Additionally, formation damage, which can occur at any time during the lifetime of a well, reduces near-wellbore permeability and obstructs the normal flow of fluids. This further hinders the water injection process from effectively sweeping oil from the reservoir to produce the field.
It is at that point, the operator performs a matrix stimulation to improve injectivity by pumping acid into the rock, to clean out or bypass deposits that inhibit flow and open new pathways to the reservoir. Historically, these treatments have been performed indiscriminately from the surface, resulting in uneven distribution of the fluid, with some zones being over-stimulated and others not receiving any treatment.

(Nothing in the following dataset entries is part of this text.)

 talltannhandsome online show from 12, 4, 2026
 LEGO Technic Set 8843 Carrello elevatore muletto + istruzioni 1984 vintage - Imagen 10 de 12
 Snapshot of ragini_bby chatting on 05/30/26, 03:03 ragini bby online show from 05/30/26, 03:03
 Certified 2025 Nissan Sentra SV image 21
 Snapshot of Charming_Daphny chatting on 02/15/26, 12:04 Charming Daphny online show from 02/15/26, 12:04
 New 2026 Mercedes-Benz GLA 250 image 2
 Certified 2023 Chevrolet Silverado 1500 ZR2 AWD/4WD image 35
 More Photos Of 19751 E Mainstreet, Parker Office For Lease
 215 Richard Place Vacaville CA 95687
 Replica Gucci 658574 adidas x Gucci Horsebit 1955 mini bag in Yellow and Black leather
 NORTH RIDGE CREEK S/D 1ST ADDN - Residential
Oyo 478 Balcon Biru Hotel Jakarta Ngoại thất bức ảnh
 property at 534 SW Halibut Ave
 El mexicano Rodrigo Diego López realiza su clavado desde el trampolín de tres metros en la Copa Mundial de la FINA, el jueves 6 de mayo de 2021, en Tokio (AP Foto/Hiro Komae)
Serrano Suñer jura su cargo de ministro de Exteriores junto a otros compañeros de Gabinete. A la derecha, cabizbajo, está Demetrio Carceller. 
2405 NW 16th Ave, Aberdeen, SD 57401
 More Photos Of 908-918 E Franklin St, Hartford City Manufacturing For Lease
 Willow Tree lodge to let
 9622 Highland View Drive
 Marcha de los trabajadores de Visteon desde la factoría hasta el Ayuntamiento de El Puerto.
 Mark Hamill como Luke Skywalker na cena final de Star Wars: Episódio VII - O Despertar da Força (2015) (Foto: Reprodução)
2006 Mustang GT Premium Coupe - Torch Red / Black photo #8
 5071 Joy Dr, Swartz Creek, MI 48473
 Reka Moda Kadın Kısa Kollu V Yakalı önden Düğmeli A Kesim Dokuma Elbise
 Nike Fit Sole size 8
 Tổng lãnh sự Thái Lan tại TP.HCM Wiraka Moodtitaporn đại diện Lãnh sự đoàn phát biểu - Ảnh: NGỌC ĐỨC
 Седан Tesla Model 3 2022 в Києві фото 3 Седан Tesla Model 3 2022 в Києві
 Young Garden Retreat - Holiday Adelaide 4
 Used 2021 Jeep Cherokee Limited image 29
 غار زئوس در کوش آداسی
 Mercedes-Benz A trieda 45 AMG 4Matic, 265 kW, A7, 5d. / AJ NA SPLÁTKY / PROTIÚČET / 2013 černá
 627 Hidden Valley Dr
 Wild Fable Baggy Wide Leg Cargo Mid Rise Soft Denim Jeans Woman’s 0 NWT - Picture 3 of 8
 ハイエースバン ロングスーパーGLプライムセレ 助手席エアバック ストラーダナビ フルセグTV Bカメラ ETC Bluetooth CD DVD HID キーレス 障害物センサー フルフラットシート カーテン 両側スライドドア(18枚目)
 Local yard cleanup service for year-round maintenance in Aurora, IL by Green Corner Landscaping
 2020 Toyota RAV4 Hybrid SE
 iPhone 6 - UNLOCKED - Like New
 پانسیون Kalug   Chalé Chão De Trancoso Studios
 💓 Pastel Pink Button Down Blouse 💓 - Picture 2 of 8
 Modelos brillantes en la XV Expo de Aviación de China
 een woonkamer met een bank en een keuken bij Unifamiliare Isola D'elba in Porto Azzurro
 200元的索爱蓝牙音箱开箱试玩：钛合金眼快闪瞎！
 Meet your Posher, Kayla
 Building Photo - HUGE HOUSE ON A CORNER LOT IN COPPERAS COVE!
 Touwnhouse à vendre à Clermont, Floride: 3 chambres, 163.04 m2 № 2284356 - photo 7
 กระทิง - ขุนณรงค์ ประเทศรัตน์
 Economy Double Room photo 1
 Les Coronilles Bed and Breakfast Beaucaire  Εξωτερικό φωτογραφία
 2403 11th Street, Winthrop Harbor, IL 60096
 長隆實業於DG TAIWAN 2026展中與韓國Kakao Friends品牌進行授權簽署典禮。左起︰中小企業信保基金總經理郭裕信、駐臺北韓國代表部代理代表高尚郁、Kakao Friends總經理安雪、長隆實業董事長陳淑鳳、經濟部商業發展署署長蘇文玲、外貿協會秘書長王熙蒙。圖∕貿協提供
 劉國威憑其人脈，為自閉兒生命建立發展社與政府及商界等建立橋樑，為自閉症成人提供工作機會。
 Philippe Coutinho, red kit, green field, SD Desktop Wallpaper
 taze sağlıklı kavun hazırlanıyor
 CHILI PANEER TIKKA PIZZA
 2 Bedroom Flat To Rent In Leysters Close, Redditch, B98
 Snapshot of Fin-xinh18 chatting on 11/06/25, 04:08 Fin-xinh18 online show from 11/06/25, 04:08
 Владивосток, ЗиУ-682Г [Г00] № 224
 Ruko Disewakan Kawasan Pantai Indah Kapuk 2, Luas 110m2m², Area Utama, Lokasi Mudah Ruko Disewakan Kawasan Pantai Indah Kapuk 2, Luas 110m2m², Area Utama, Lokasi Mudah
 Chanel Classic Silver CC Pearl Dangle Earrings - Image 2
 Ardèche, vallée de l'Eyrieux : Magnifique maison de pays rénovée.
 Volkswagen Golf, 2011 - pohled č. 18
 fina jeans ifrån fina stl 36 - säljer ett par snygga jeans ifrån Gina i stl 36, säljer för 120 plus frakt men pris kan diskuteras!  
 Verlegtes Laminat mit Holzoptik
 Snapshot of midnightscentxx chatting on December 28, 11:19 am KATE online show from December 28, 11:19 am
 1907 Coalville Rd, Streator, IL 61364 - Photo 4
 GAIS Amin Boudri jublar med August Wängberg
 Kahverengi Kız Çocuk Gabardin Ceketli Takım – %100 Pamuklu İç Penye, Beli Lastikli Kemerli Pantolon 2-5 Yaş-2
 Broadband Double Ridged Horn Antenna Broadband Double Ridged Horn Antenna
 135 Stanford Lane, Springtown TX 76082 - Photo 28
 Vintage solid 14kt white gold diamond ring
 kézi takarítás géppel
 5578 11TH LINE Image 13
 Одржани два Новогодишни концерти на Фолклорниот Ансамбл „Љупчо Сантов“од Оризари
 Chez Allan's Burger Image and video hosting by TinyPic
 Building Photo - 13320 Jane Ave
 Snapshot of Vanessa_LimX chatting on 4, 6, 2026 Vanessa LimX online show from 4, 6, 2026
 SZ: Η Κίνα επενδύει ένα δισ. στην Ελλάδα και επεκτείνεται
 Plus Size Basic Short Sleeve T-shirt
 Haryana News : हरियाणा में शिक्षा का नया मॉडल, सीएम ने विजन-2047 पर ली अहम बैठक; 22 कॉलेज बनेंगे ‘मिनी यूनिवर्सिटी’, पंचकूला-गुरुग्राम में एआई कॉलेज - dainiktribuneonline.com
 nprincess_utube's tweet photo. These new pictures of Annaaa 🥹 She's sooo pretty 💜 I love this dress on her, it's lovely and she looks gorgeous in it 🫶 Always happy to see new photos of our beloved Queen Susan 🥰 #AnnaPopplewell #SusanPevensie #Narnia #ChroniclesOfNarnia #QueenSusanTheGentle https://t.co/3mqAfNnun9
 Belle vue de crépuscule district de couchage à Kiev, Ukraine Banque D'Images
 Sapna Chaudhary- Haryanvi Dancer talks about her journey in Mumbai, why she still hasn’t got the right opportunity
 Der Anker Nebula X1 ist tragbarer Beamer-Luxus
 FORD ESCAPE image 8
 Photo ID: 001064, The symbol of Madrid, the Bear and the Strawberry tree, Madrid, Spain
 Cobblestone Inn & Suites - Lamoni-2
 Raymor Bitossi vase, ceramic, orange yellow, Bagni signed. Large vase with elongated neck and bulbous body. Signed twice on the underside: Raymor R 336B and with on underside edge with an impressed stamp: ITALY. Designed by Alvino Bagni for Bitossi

This blind acidizing method presents reservoir management problems for operators, who are left with few options other than to deploy production logging tools in multiple runs downhole, to identify the favored pathways and determine which zones are not being stimulated. The process adds considerable time, cost and logistics to the stimulation operation. It also lacks the real-time capability to monitor and control the flow, when the treatment is being pumped into the rock.
While the complexities of open-hole water injection present field management issues for operators worldwide, the problem is especially prevalent in the Middle East, due to rock type and quality of the carbonate reservoirs.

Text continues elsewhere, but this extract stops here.